There are a couple of other little issues I commented on as well, some of which I repeated above, too.

Also, one other thing: what are facts?

[kkysen]

See rustc_private_link::SysRoot::link_rustc_private for how we automated this -L ~/.rustup/toolchains/nightly-2022-02-14-x86_64-unknown-linux-gnu/lib/rustlib/x86_64-unknown-linux-gnu/lib/ part in build.rss. It might be able to avoid having to specify this here.

[spernsteiner]

I updated the readme (which was horribly out of date) but left the big -L path in there. I'm not sure what's the right solution for setting the default library paths (e.g. do we care about cross-compiling?), but dynamic_instrumentation has the same issue, and I figure whenever it becomes a real problem, we can come up with a general solution and apply it to both at once.

[kkysen]

Right now we're just adding ~/.rustup/toolchains/nightly-2022-02-14-x86_64-unknown-linux-gnu/lib to rpath, and that seems to work (and get rid of needing -L or setting LD_LIBRARY_PATH). Cross-compiling is trickier, though. I think we should ignore cross-compiling for now, and when we get to it, cross-compile only as a cargo subcommand, which should set the right LD_LIBRARY_PATH for us.

[spernsteiner]

I think what you're describing is a different situation. There are three different times when we care about the sysroot / lib / rustlib dirs:

1. When building c2rust-analyze / c2rust-instrument, the linker needs the rustlib path in order to link against the various rustc_* libraries
2. When running c2rust-analyze / c2rust-instrument, the dynamic loader needs the lib path in order to find librustc_driver.so
3. When compiling another program using c2rust-analyze / c2rust-instrument, the tool needs the rustlib path in order to find libcore/libstd, which are dependencies of the program being compiled.

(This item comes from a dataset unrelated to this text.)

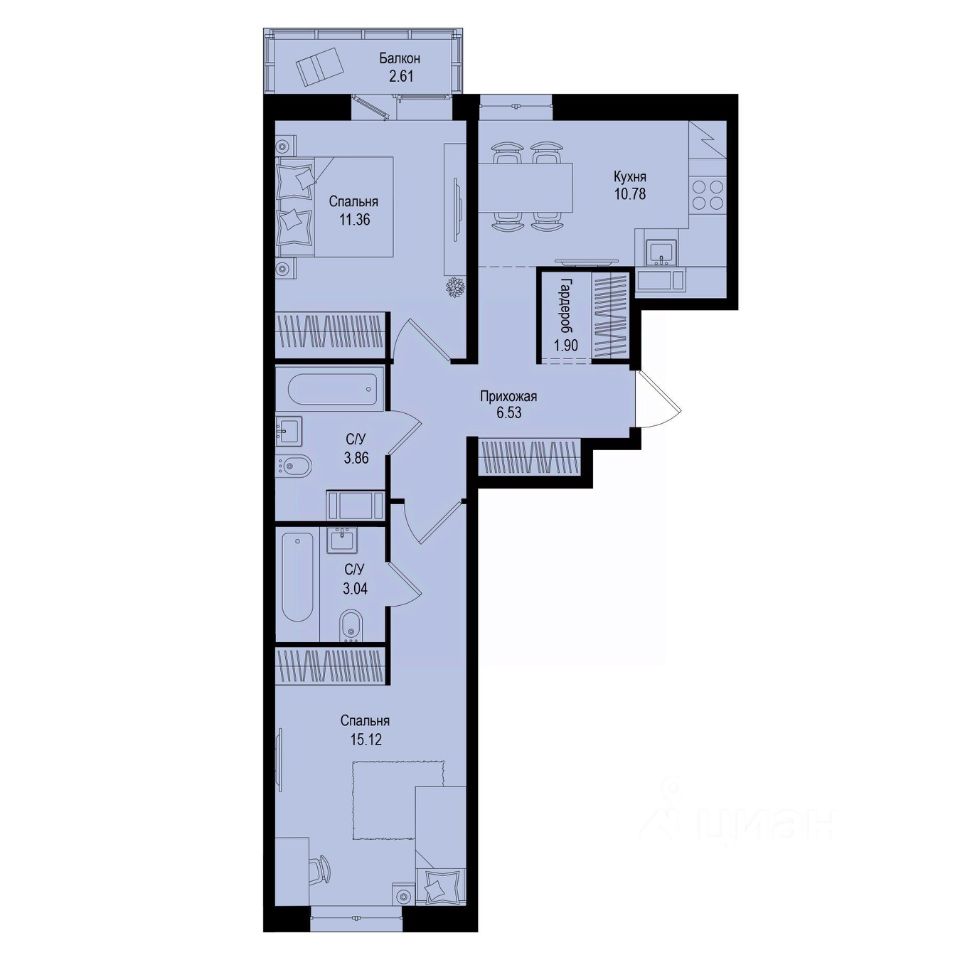 2-комн.кв., 53,4 м², 7/9 этаж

build.rs calling rustc_private_link solves (1); setting the rpath solves (2); this flag in the readme covers (3).

[kkysen]

Ah, that's what it's being used for. Doesn't cargo find libstd by itself normally?

[spernsteiner]

rustc can find libstd on its own if everything is installed normally. I haven't checked, but I would guess that cargo (outside -Z build-std mode) just lets rustc find libstd as it usually does. In this case, we don't have working cargo integration for c2rust-analyze at the moment, and our rustc wrapper (the c2rust-analyze binary) is not installed in the usual way.

[kkysen]

For working cargo integration, which I think we definitely want, see #554 for a better way to do it. We may be able to share some of that code.

[kkysen]

We'll need to add FileCheck to CI and the Docker containers/set FILECHECK to the installed one. We should get this working out-of-the-box if possible, so that cargo test just works.

[spernsteiner]

Where is the docker setup defined? At least on Debian, FileCheck is in a separate package llvm-tools, which will need to be added to the dependencies.

[kkysen]

In scripts/provision_{arch,deb,dnf,mac,yum}.sh.

[kkysen]

@spernsteiner, can we get this merged? It seems just the FileCheck CI integration is left, but we can do that separately, as it'll need a Docker container push anyways.